El Papa pide «distribuir equitativamente» a los «refugiados que huyen de las guerras»
En el rezo del Ángelus de este domingo, Francisco pidió a los católicos que recen para «aprovechar el resquicio» del cese de las hostilidades en Siria a fin de «dar alivio a la población sufriente» y abrir «el camino al diálogo y a la paz tan deseada»

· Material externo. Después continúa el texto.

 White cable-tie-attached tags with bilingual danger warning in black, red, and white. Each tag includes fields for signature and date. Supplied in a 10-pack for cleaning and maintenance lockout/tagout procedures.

Tras el rezo del Ángelus de este domingo, el Papa Francisco ha querido recordar una vez más «el drama de los refugiados que huyen de las guerras», y pidió «una acción coral» de las naciones para acompañar a los países como Grecia que están brindando «su generosa ayuda a estas personas». Asimismo, el Pontífice mostró su esperanza por la noticia del cese de las hostilidades en Siria y pidió la oración de todos los fieles para «aprovechar este resquicio».
Una respuesta coral
«Queridos hermanos y hermanas, mi oración, y desde luego la de ustedes, tiene siempre presente el drama de los refugiados que huyen de las guerras y de otras situaciones inhumanas. En particular, Grecia y otros países que están primera línea les están dando una ayuda generosa, que requiere la cooperación de todas las naciones. Una respuesta coral puede ser eficaz y distribuir equitativamente» las cargas de este drama, afirmó el Santo Padre.
«Es necesario apuntar con decisión y sin reservas a las negociaciones. He recibido con esperanza la noticia acerca del cese de las hostilidades en Siria, e invito a todos a rezar para que este resquicio pueda dar alivio a la población sufriente y abra el camino al diálogo y a la paz tan deseada», añadió.
El comportamiento de Dios en las tragedias
El Sucesor de Pedro quiso mostrar su cercanía «al pueblo de las Islas Fiyi, duramente azotado por un ciclón devastador; rezo por las víctimas y por quienes que están comprometidos con las operaciones de socorro». Sólo unos minutos antes, en la breve meditación que suele dirigir a los presentes en la plaza de San Pedro antes de rezar el Ángelus asomado al balcón de los apartamentos pontificios, el Papa había recordado precisamente cómo se comporta Dios ante las tragedias.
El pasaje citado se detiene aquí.